– Krzyczeli po nazwisku, obrażając mnie. Dzięki obecności policji nikt nie naruszył mojej nietykalności – mówił w czwartek przed sądem wicemarszałek Terlecki.
Polityk PiS podkreślił, że demonstranci krzyczeli i byli agresywni. Terlecki, widząc kłopoty z wjazdem na Wawel zadzwonił do ministra Andrzej Adamczyka, który jechał innym samochodem z prezesem PiS Jarosławem Kaczyńskim, aby poinformować o utrudnieniach
Terlecki przyznał też, że nie miał przepustki uprawniającej go do wjazdu na teren Wawelu.

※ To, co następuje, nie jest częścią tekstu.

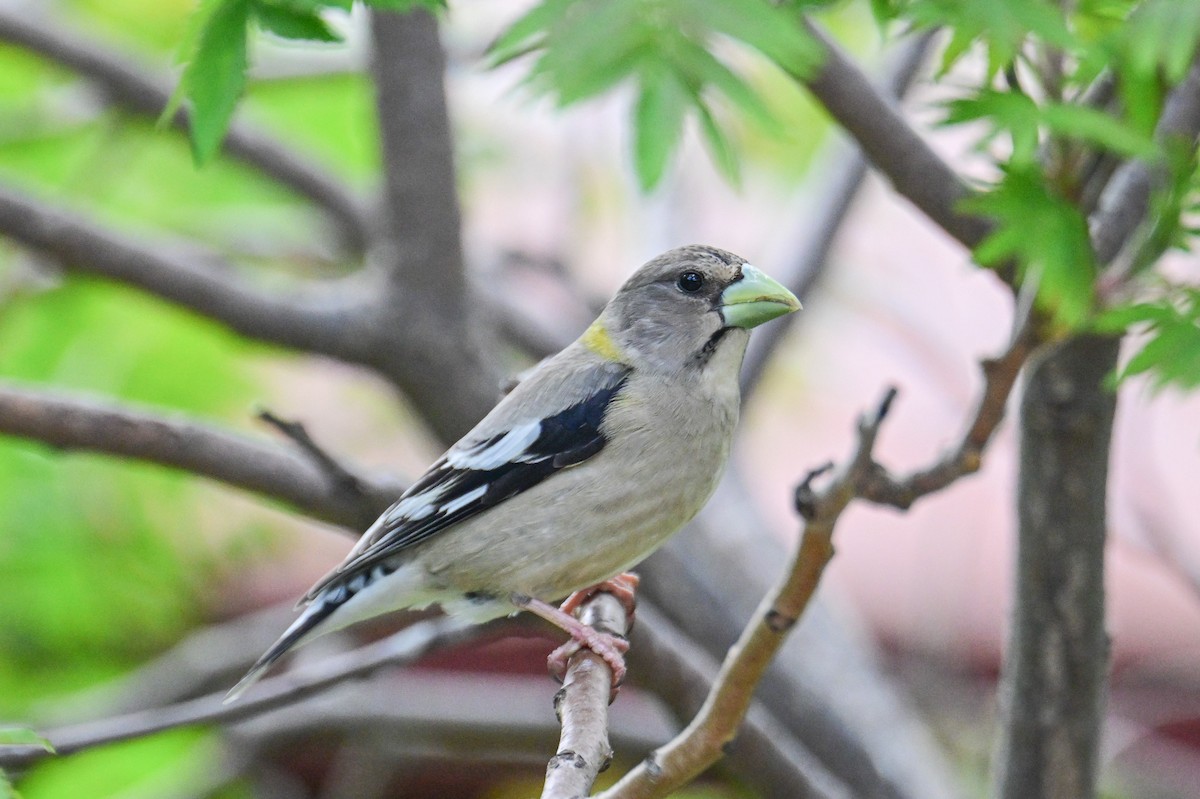 Evening Grosbeak - ML619878271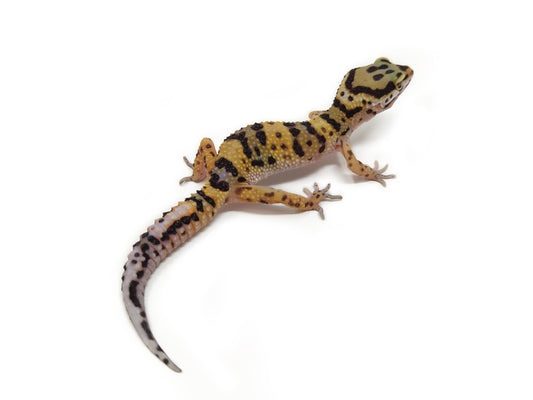 Leopard gecko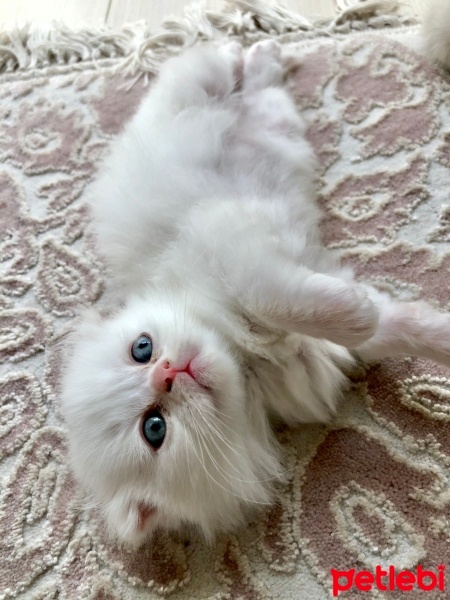 Scottish Fold, Kedi  Pamuk fotoğrafı
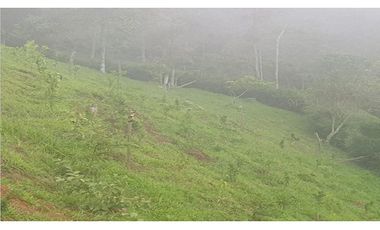 DAPA GRAN FINCA EN DAPA GANADO CABALLOS 32250 M2 US$ 970,000 DÓLARES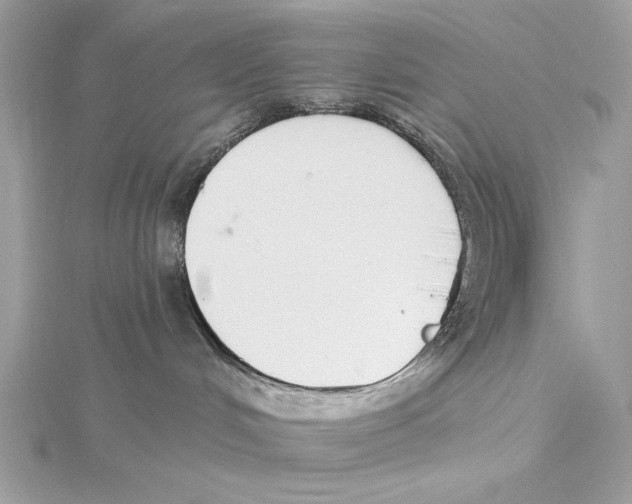 X0000115360048200912011122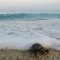 Γεννητούρια για δεκάδες χελωνάκια στο Αλυκό Νάξου (video)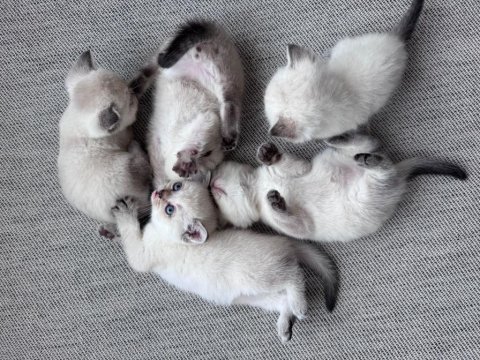 Safkan beyaz british shorthair yavrular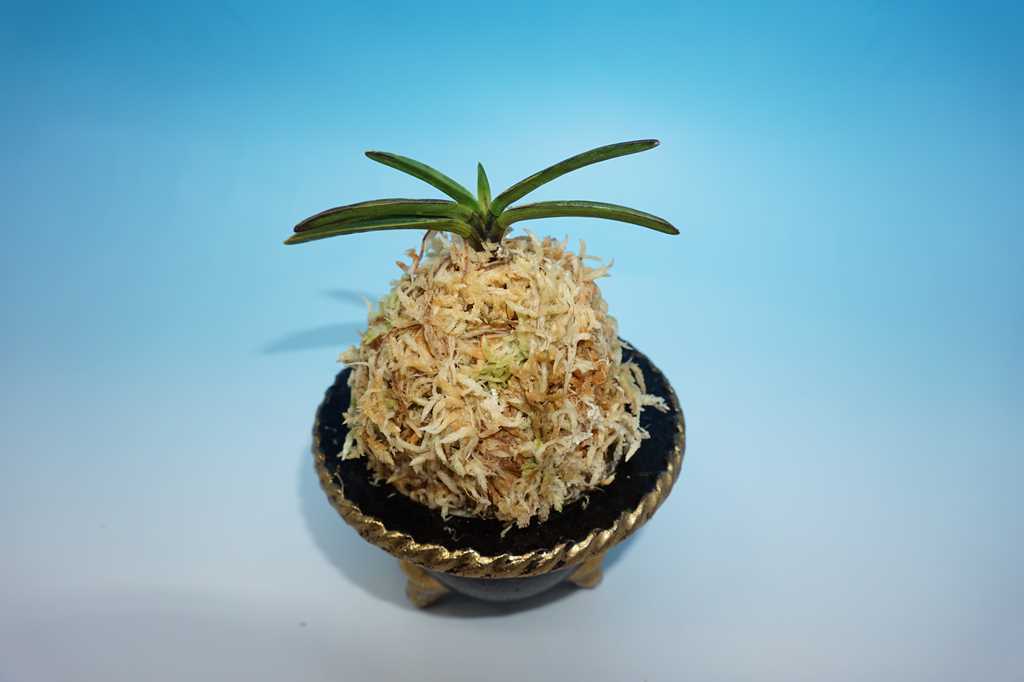 激安!!東京土産編】富貴蘭 白縞系金牡丹（牡丹錦の子） 激安!!東京土産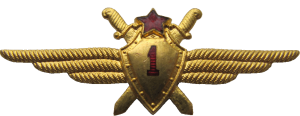 Badge Pilot 1st class 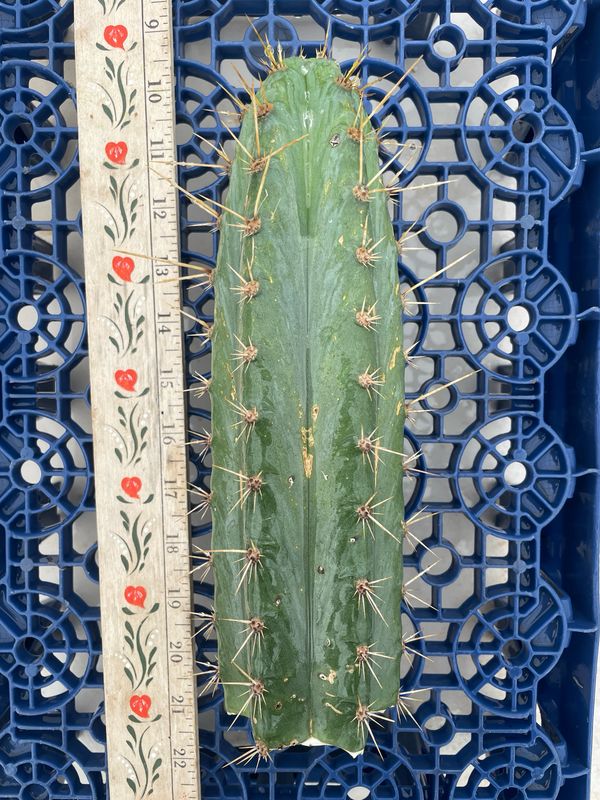 T. Peruvianus
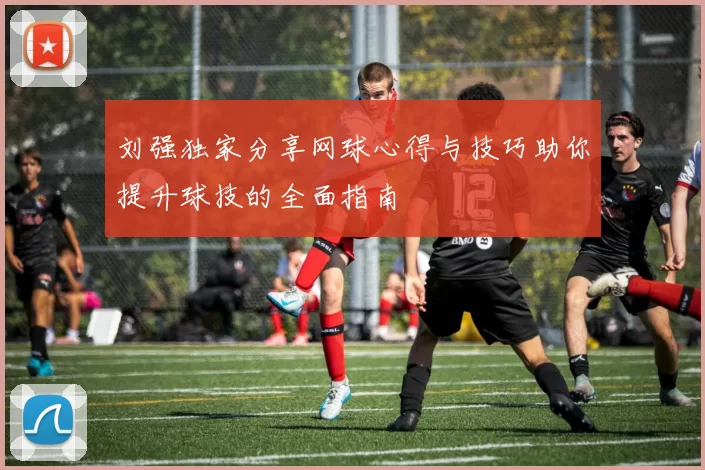 刘强独家分享网球心得与技巧助你提升球技的全面指南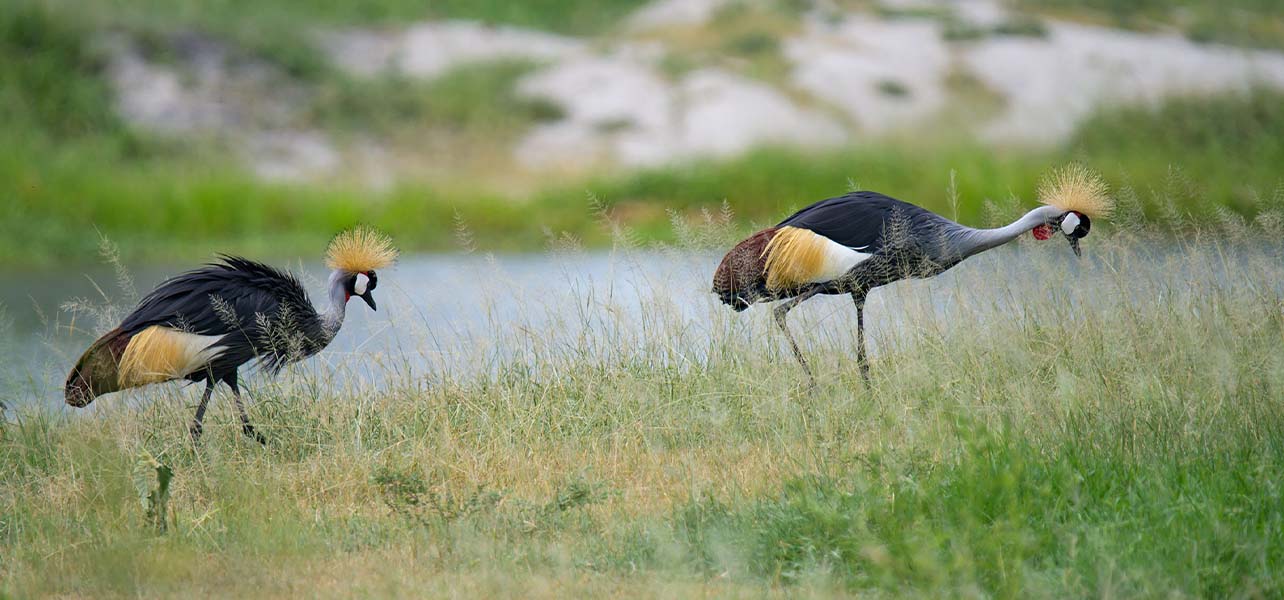 4 Days 3 Nights: Tarangire - Ngorongoro - Serengeti Safari - thumbnail 5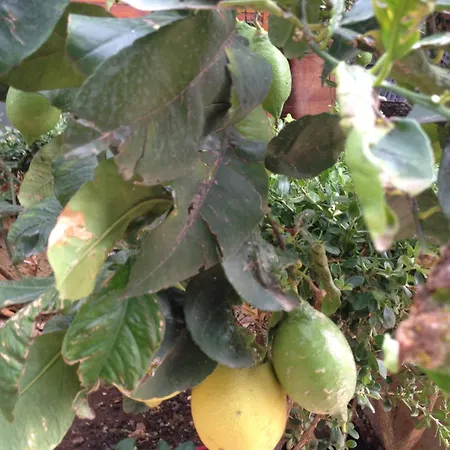 Appartamento Casa Con Giardino Centro Sciacca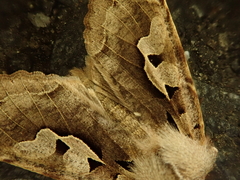 Perigrapha hoenei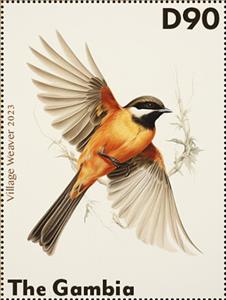 Stamp, Village Weaver (Ploceus cucullatus), Gambia,  , Animals (Fauna), Birds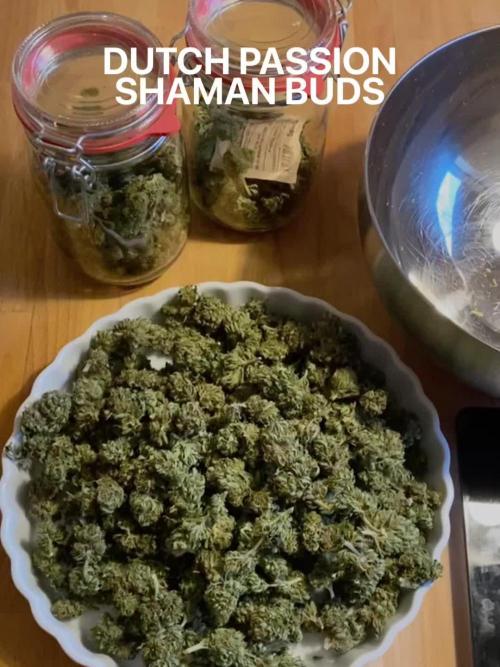 Shaman in Livingsoil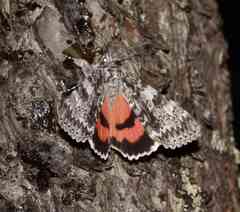 Catocala semirelicta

W lipcu 2017 r. wyroki nakazowe (mogą zapaść bez obecności stron postępowania) wydał sąd rejonowy uznając, że blokowanie wjazdu na Wawel to wykroczenie. Obwinieni zostali ukarani grzywnami od 300 do 500 zł. W sierpniu tego samego roku do krakowskiego sądu rejonowego wpłynęły sprzeciwy od siedmiu osób skazanych.
Sąd rozpatrujący sprzeciwy przyznał tym razem rację blokującym wjazdu na Wawel uznając, że w przypadku tego legalnego zgromadzenia publicznego nie było mowy o tym, że uczestnicy działali na szkodę społeczną. Tym samym sąd umorzył sprawę.
Na to postanowienie zażalenie złożył Komendant Miejski Policji w Krakowie, na co sąd uchylił zaskarżone postanowienie. Uznał m.in., że umorzenie sprawy na posiedzeniu było przedwczesne, ponieważ sąd powinien dokonać merytorycznej oceny zarzutów i dowodów wobec obwinionych. Sprawa wróciła na wokandę.
Mowy końcowe zaplanowano na październik.